Antes se dizia que o brasileiro era um povo apático e despolitizado, em junho de 2013 gritaram que o "Gigante acordou", e agora assistimos a linchamentos morais nas redes e empurra-empurra nas ruas entre petistas e antipetistas. Cada grupo mais convencido de que sua versão sobre os escândalos de corrupção sob investigação carrega verdades absolutas e inquestionáveis. De um lado, o ex-presidente Lula é pintado como mocinho inocente perseguido pela direita e pela mídia golpista, que não se conformariam com suas raízes humildes e sua popularidade. No outro, é execrado como vilão que roubou a Nação e precisa ser exterminado junto com seu partido, se preciso com força militar, como se isso expurgasse toda corrupção da história do país.

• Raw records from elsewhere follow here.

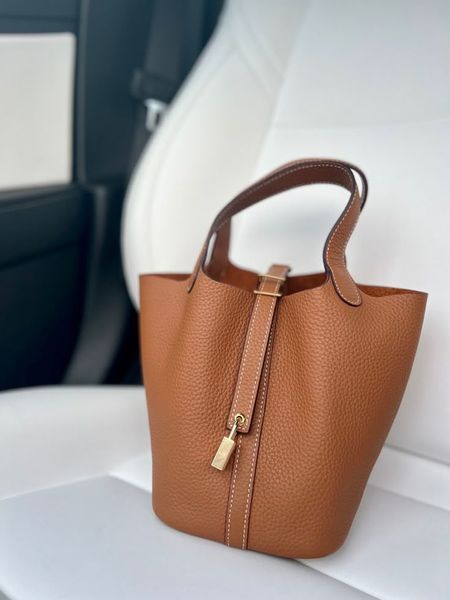 Сумка Hermes Picotin Lock 18 PM Bag in Gold Taurillon Clemence Leather/Gold Hardware 411 фото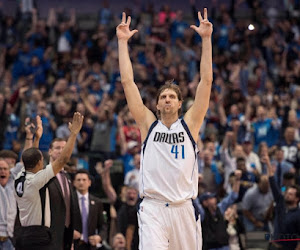 🎥 Dallas brengt eerbetoon aan Dirk Nowitzki en klopt Golden State, ook Milwaukee gaat onderuit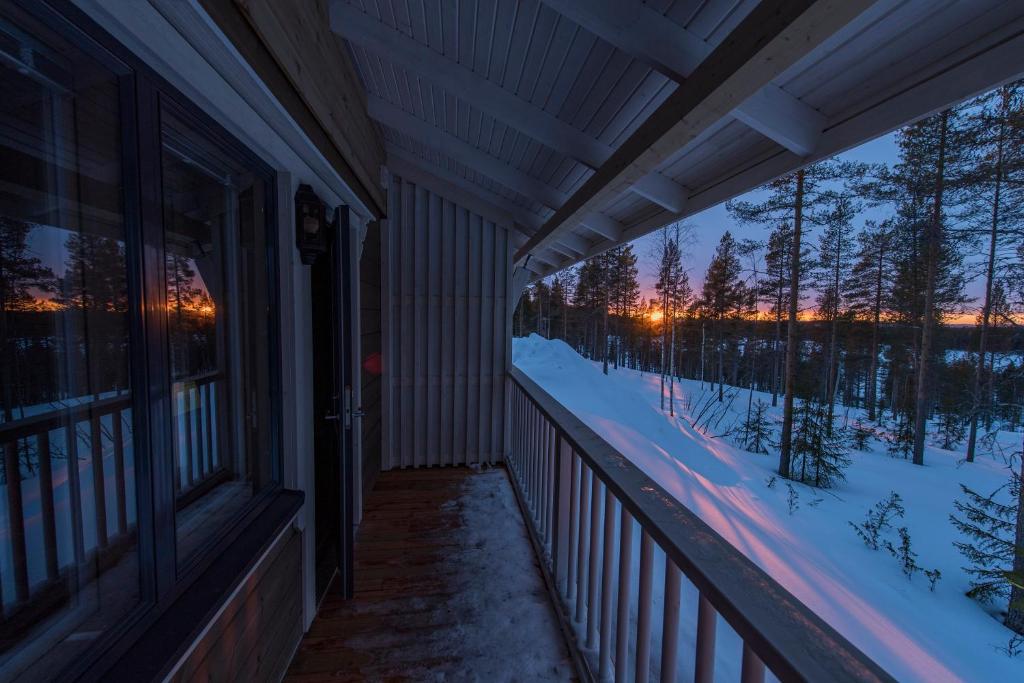 Valkea Arctic Lodge v zimě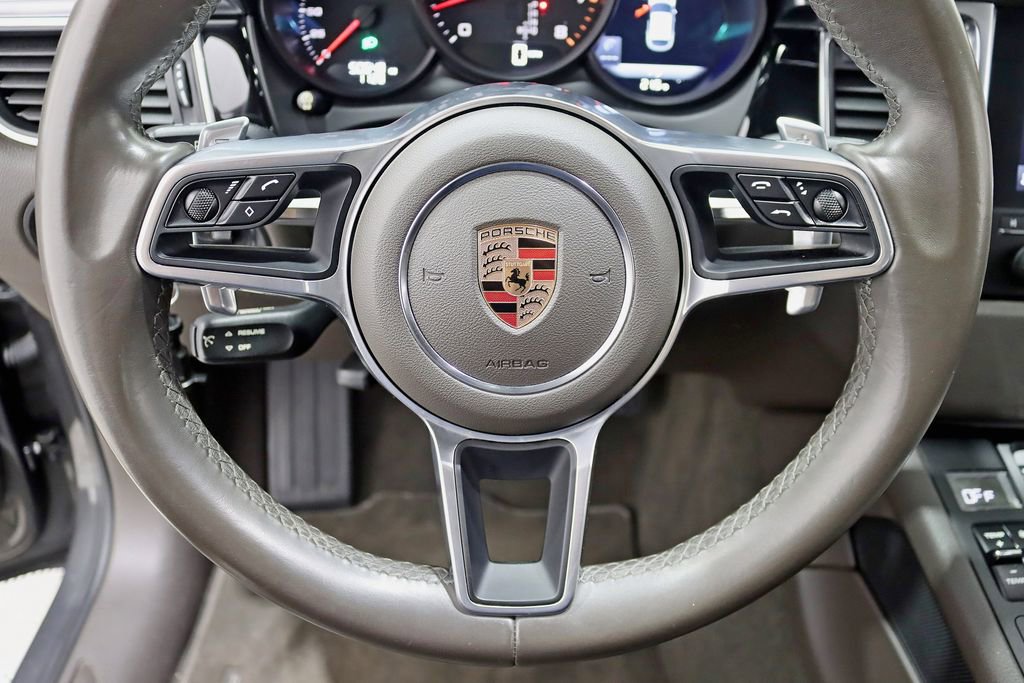 Used 2018 Porsche Macan image 14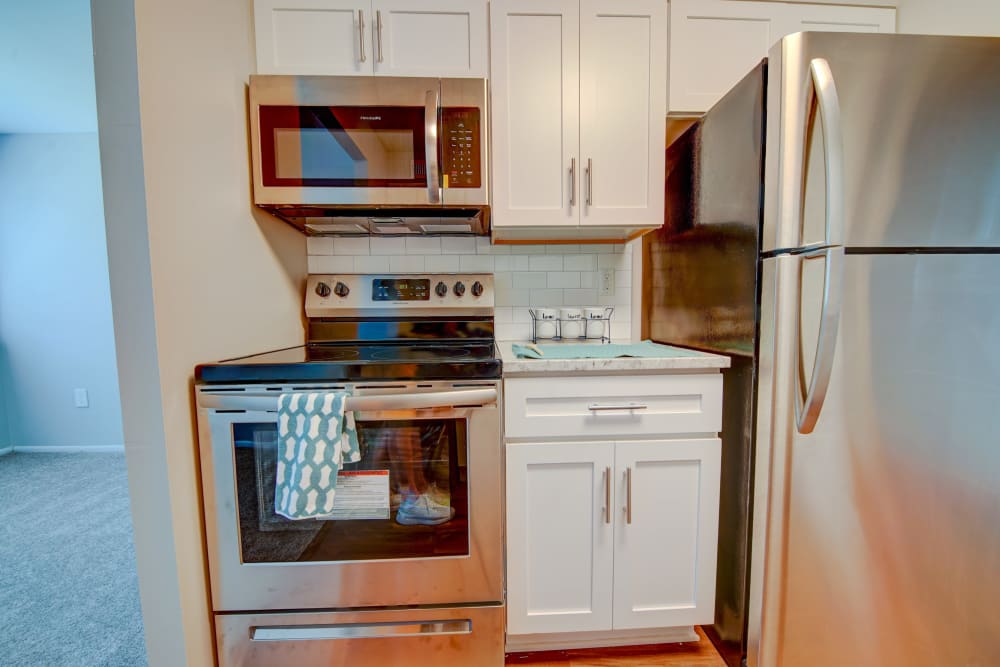 Bight kitchen at Beacon Pointe Apartments & Townhomes in Sparrows Point, Maryland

Se há dúvidas quanto ao grau de politização dos manifestantes, num clima especialmente inflamado após a condução coercitiva do ex-presidente para prestar depoimento na Operação Lava-Jato, uma questão preocupa analistas de diferentes vertentes: até onde essa polarização pode chegar?
– Até então o discurso era de ódio, agora é de violência. Há um abandono da palavra como recurso político, virou acerto de contas na rua – observa o professor Fábio Malini, coordenador do Laboratório de Estudos sobre Imagem e Cibercultura (Labic) da Universidade Federal do Espírito Santo.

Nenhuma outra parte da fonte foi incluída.